Instructions for the task
Write the entries out again. Every character must match.

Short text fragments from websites
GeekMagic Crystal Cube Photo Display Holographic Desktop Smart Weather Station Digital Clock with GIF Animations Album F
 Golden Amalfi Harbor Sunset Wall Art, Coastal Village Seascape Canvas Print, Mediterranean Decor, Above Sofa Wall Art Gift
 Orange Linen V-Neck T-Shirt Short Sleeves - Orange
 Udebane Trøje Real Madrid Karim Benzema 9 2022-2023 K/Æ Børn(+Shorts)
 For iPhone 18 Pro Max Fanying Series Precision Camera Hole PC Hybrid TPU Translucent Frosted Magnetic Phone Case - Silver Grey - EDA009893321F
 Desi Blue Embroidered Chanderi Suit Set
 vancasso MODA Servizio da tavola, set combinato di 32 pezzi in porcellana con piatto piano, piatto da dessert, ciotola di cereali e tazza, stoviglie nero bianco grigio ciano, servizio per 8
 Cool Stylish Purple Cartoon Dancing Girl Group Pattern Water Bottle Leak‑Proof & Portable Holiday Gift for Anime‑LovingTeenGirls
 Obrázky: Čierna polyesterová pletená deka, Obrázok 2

Answer box
GeekMagic Crystal Cube Photo Display Holographic Desktop Smart Weather Station Digital Clock with GIF Animations Album F
 Golden Amalfi Harbor Sunset Wall Art, Coastal Village Seascape Canvas Print, Mediterranean Decor, Above Sofa Wall Art Gift
 Orange Linen V-Neck T-Shirt Short Sleeves - Orange
 Udebane Trøje Real Madrid Karim Benzema 9 2022-2023 K/Æ Børn(+Shorts)
 For iPhone 18 Pro Max Fanying Series Precision Camera Hole PC Hybrid TPU Translucent Frosted Magnetic Phone Case - Silver Grey - EDA009893321F
 Desi Blue Embroidered Chanderi Suit Set
 vancasso MODA Servizio da tavola, set combinato di 32 pezzi in porcellana con piatto piano, piatto da dessert, ciotola di cereali e tazza, stoviglie nero bianco grigio ciano, servizio per 8
 Cool Stylish Purple Cartoon Dancing Girl Group Pattern Water Bottle Leak‑Proof & Portable Holiday Gift for Anime‑LovingTeenGirls
 Obrázky: Čierna polyesterová pletená deka, Obrázok 2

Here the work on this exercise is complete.